Correctly handle case where sendmsg returns less than requested bytes.

Disallow kNonBlocking in UnixSocket as it does not work as expected.

Change-Id: I64747acb832b999e31e7b5cca0c583e0e7974532
Bug: 117139237
diff --git a/include/perfetto/base/unix_socket.h b/include/perfetto/base/unix_socket.h
index 7daf5a2..4a613a0 100644
--- a/include/perfetto/base/unix_socket.h
+++ b/include/perfetto/base/unix_socket.h
@@ -54,6 +54,16 @@
 
 base::ScopedFile CreateSocket();
 
+// Update msghdr so subsequent sendmsg will send data that remains after n bytes
+// have already been sent.
+// This should not be used, it's exported for test use only.
+void ShiftMsgHdr(size_t n, struct msghdr* msg);
+
+// Re-enter sendmsg until all the data has been sent or an error occurs.
+//
+// TODO(fmayer): Figure out how to do timeouts here for heapprofd.
+ssize_t SendMsgAll(int sockfd, struct msghdr* msg, int flags);
+
 // A non-blocking UNIX domain socket in SOCK_STREAM mode. Allows also to
 // transfer file descriptors. None of the methods in this class are blocking.

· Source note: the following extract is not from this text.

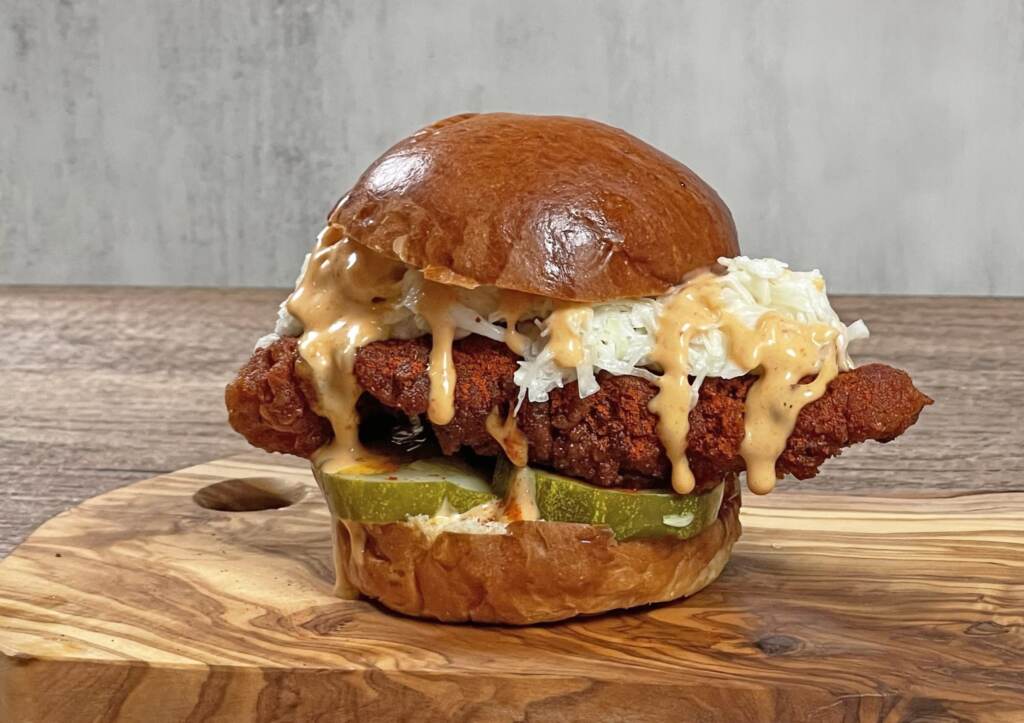 The Nashville-style OK Hot Chicken slider, which is halal, comes with pickles, sauce, and coleslaw, in four levels of spiciness, from mild to ''insane.''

 // The main design goal is API simplicity and strong guarantees on the
@@ -170,6 +180,8 @@
   // EventListener::OnDisconnect() will be called.
   // If the socket is not connected, Send() will just return false.
   // Does not append a null string terminator to msg in any case.
+  //
+  // DO NOT PASS kNonBlocking, it is broken.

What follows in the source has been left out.